The federal Stafford Loan Program was designed to incentivize people to enter public service in return for forgiving students loans
After 120 payments have been made. It is available to those entering a wide range of fields including social work, library science, education, law enforcement, public safety, child care and elder care.
The nonprofit Young Entrepreneur Council is extending this principle to new grads who hope to launch startups.
Its $10 million Gen Y Fund, announced in October, would provide them with seed money and pay for up to three years of student loan payments.
For many of Columbia’s graduates, who work day jobs to subsidize their art, a detour into public service with the added benefit of loan forgiveness might have saved them thousands of dollars. But few enter the arts with such a practical frame of mind.

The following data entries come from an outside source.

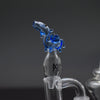 Dregg Carb Cap MJ Arsenal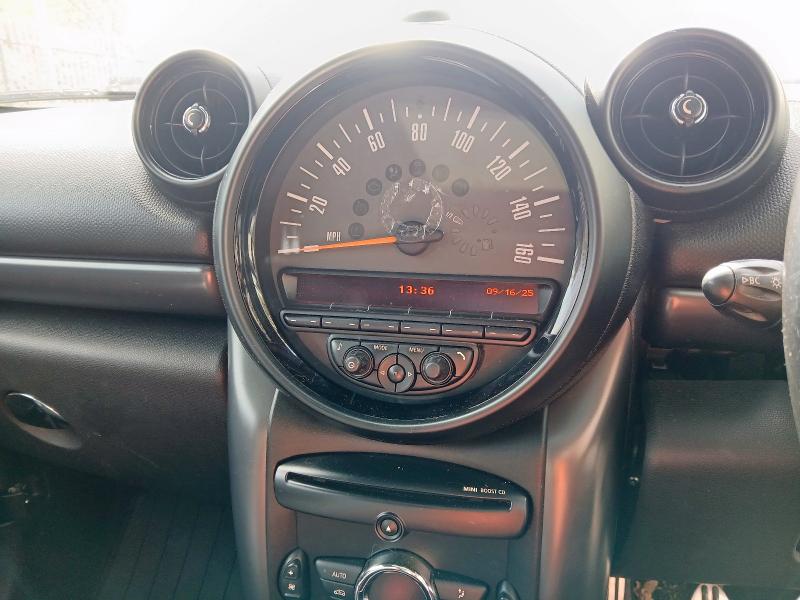 2014 MINI PACEMAN COOPER SD 2.0 COOPER S D 3DR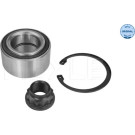 2 x MEYLE Radlagersatz | 11-14 650 0012 2 x MEYLE Radlagersatz | 11-14 650 0012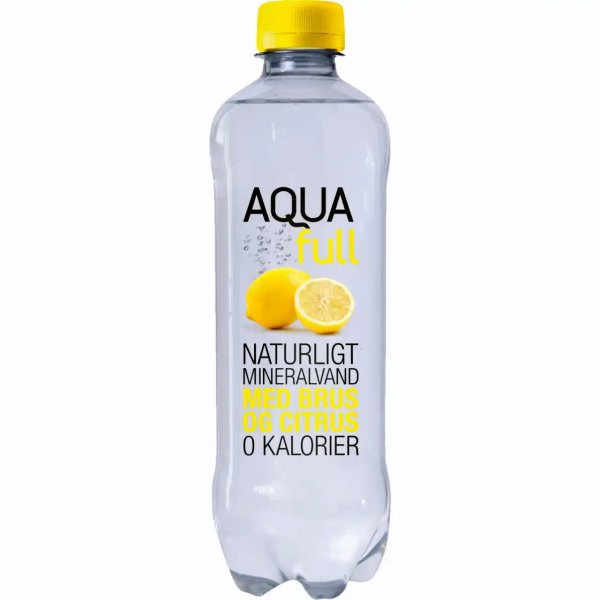 Aqua Full m/ Brus-Citrus 18x0,5l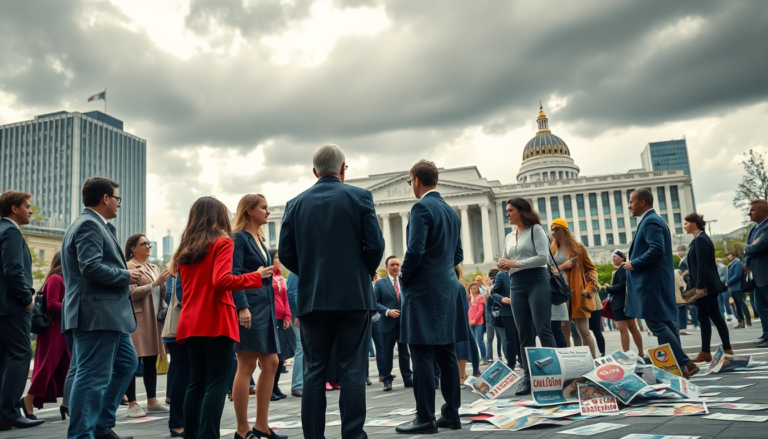 Un análisis realista de la dinámica política contemporánea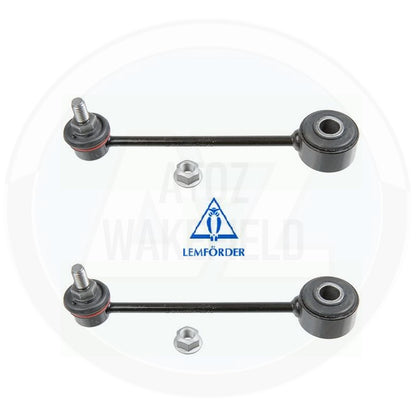 FOR GOLF R32 MK4 WHEEL BEARINGS BALL JOINTS DROP LINKS TIE ROD END CV JOINT BOOT
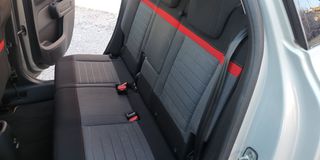 Citroen C3 Aircross 2018 1.2 PureTech Shine-thumb-32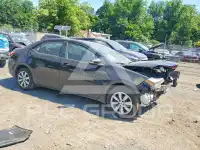 2015 Toyota COROLLA photo
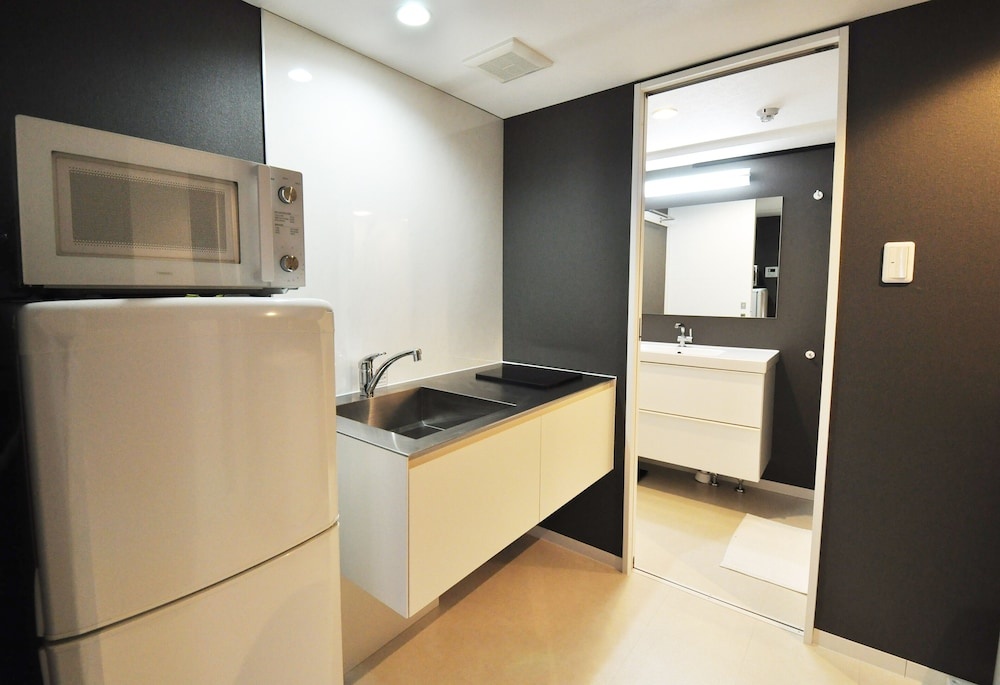 Senlax Inn Osaka 사진 23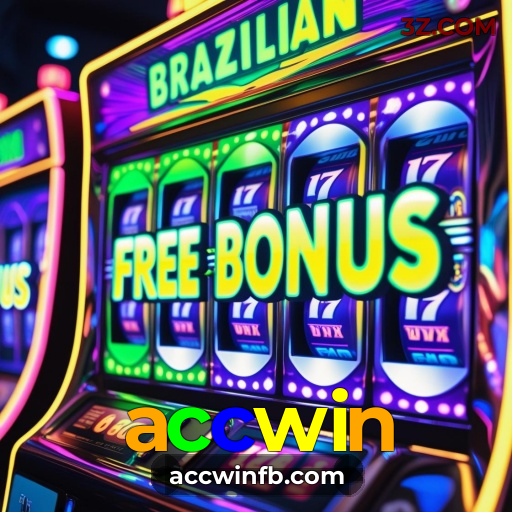 accwin: Catálogo de slots clássicos e vídeo slots — filtros por provedor e tema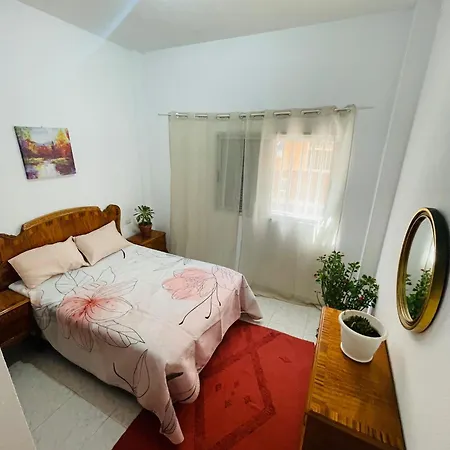 El Fraile Sur Tenerife Apartment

Jourdan Robles said she barely had a job when she graduated from Columbia. The theatre alumna has been babysitting since she moved to Chicago and now works as a nanny in addition to working toward
her art.
While she said she loves her job—taking care of a 13-month-old girl nearly full time—her desire to continue in the arts has manifested itself in a recent position as an art coordinator intern at her church. Her husband, a caterer, is also following through on his music degree with an audio tech internship at the same church while he works on an album.

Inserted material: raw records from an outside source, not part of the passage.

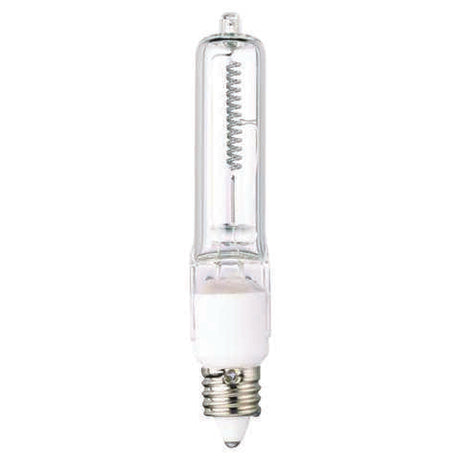 Westinghouse 150 W T4 Specialty Halogen Bulb 2,500 lm Bright White 1 pk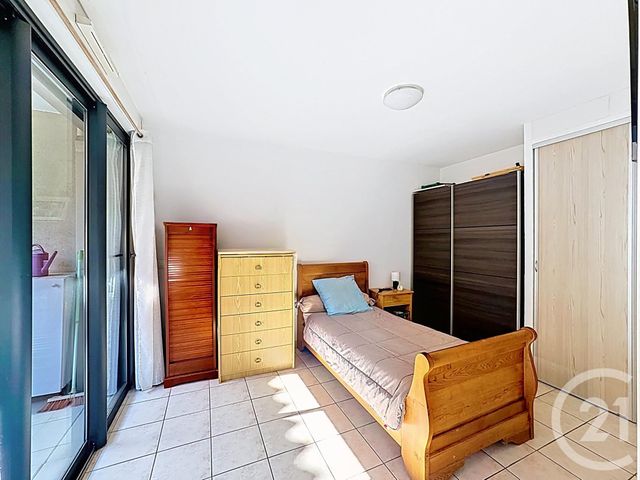 Appartement T2 &agrave; vendre - 2 pi&egrave;ces - 39,50 m2 - Trets - 13 - PROVENCE-ALPES-COTE-D-AZUR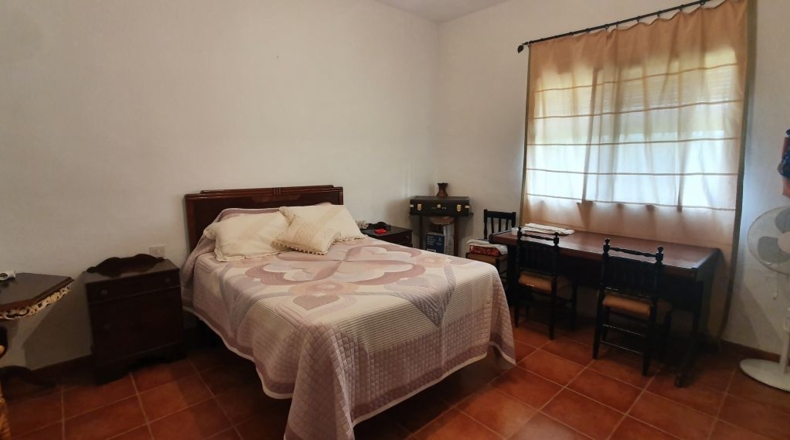 Jaén - Guarromán - 5150m2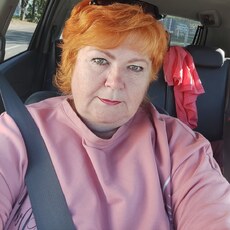 Фотография девушки Нина, 62 года из г. Минск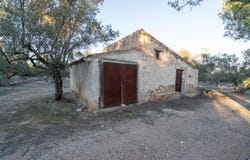 Mas de Barberans, Catalonia 43514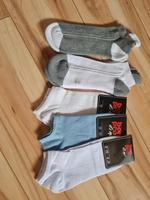 5 Paar Damen Snaeker Socken Gr. 39/42, Neu Saarland - Wadern Vorschau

“What we both see in our jobs is that it affords us the freedom to do what we want,” Robles said.
However, the couple’s budget is still tight. Nearly all of Robles’ income from nannying—approximately $1,200 per month—goes toward both her and her husband’s loans while his income covers their living expenses.
“If we run out of funds by the end of the month, we have to get creative with groceries,” Robles said. “I’m not a budget person at all—it’s just not how my brain works—but my husband is, so I’ve just gotten on board.”

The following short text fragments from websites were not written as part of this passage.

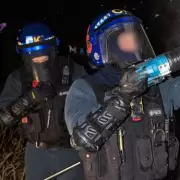 Manchester Police Raid Restaurant and Homes in Pizza Box Drug Operation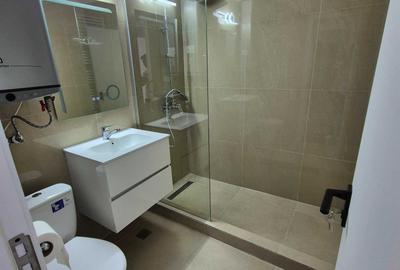 Apartament cu 3 camere decomandat în Alba Iulia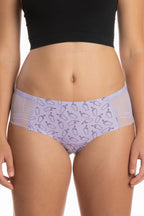 The Little Birdy | Middle Finger Lace Bikini - Shinesty
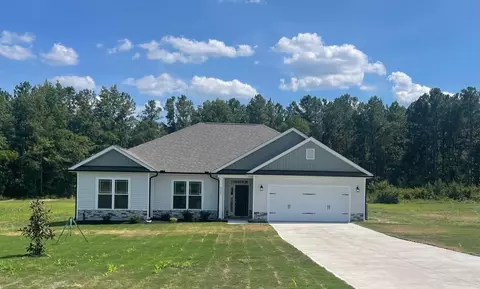 5087 Green Hawthorne Ct, Battleboro, NC 27809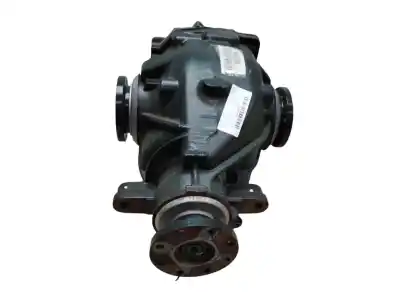 Pezzo di ricambio per auto di seconda mano differenziale posteriore per bmw x3 (e83) 2.0 d riferimenti oem iam 7542222  relacion 3.07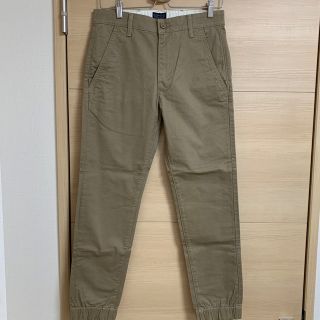 リーバイス(Levi's)のリーバイス　ジョガーパンツ　W28×L30(チノパン)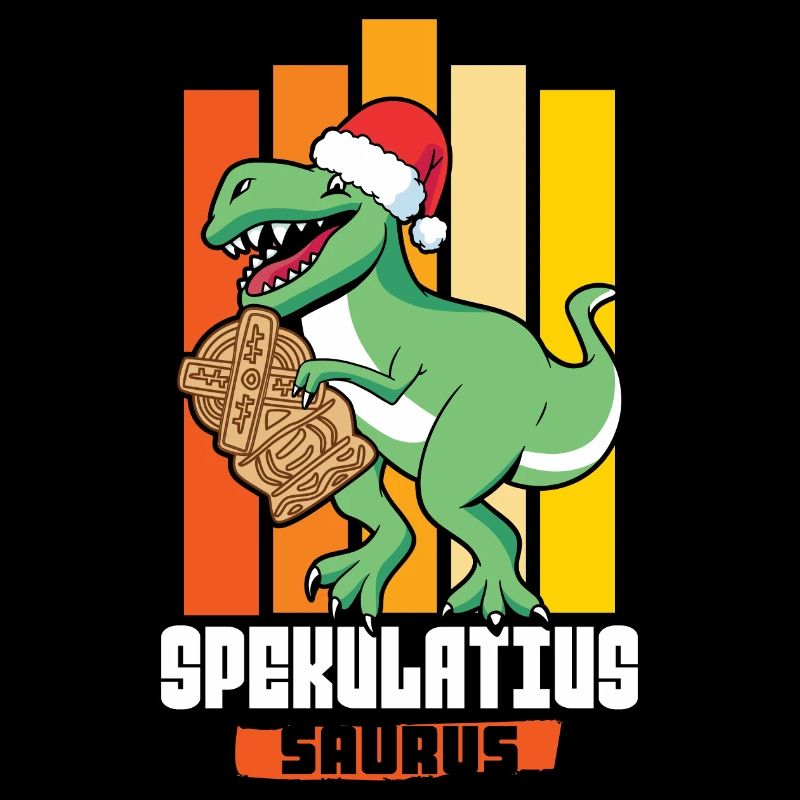 Spekulatius Saurus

As with her student loans during college, responsible spending, research and planning has helped Robles manage her finances as it relates to her job post graduation.
As for other recent grads, employment will be key to individuals staying above water and avoiding default when it comes to their repayments. But larger policy shifts can help make the loan system more equitable for everyone involved.
Despite the issues surrounding college, education experts across the board maintain that students aspiring to attend a higher education institute should do so.
“As a student, all you really need to know is if you’re capable of graduating college, and if the answer is yes, then you should go,” Gillen said. “Go to a college you can afford [and] don’t borrow excessively.”